With the Pixel 4 not having any earbuds in the box, there’s a good chance that the rumours are true. At this point, if Google is releasing a set of fully wireless earbuds there is a laundry list of must-haves including, Bluetooth 5 with individual connections to each ear which is a feature that is emerging as a real differentiator this year.
With a release price of $249 AUD for the original Pixel Buds and the current state of the fully wireless earbud market if Google does release a successor we’d expect their Australian price to be no less than $299 AUD.
Last and certainly the lest strongest rumour is the on-again, off-again Pixel Watch. Is Google releasing a Pixel Watch? Will the Fossil acquisition result in a surprise product? Will we see the first Wear OS Hybrid smartwatch powered by Diana?

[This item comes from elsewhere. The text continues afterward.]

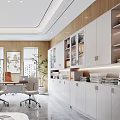 Modern Office Interior Design With Wooden Walls White Cabinets Workstations And Green Plants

Let’s just say we’re highly sceptical but very hopeful.
We’ve certainly seen that the Fossil Gen 5 with 1 GB of RAM and the Swear 3100 SOC makes Wear OS stable and usable, however, it still just feels like it needs either better software optimisation or a better SOC. I absolutely love the Wear OS 2.0 user interface, I think it’s the best Wearable UI, but that hardware needs some buttery smoothness applied, and soon.
With 0 leaks or any description about the Pixel watch we’re just not convinced, we did see the Fossil Diana based Fossil Collider Hybrid Smartwatch HR briefly appear for sale online, and Google could announce something along these lines, but we just don’t see Google announcing a Fossil product at their annual flagship hardware event.
One More thing?
Are we going to get one more thing? Google has been known to release new software features or integrations at their hardware events, and with the Pixel getting the Neural Core we wouldn’t be surprised to see more on-device Machine learning if not fully on-device voice support, at least in some languages (eg US English booo).
Assistant also is known to get a few new features or enhancements at the event and with Nest taking the front of the stage for IoT branding we could even see a deeper play for the home automation/ IoT space. We’d love to be surprised with even more new hardware, I mean Amazon managed over 70 announcements this month at their echo event so, come on Google, catch up.
When is it on? Time zones are hard, daylight savings makes it even harder, so if you’re wanting to watch the event then hopefully your timezone is listed below, otherwise sleep in, wake up and we’ll have all of the news, links and information you’ll need right here.
Made by Google Event: Tuesday 15 October 10:00 Eastern time (New York)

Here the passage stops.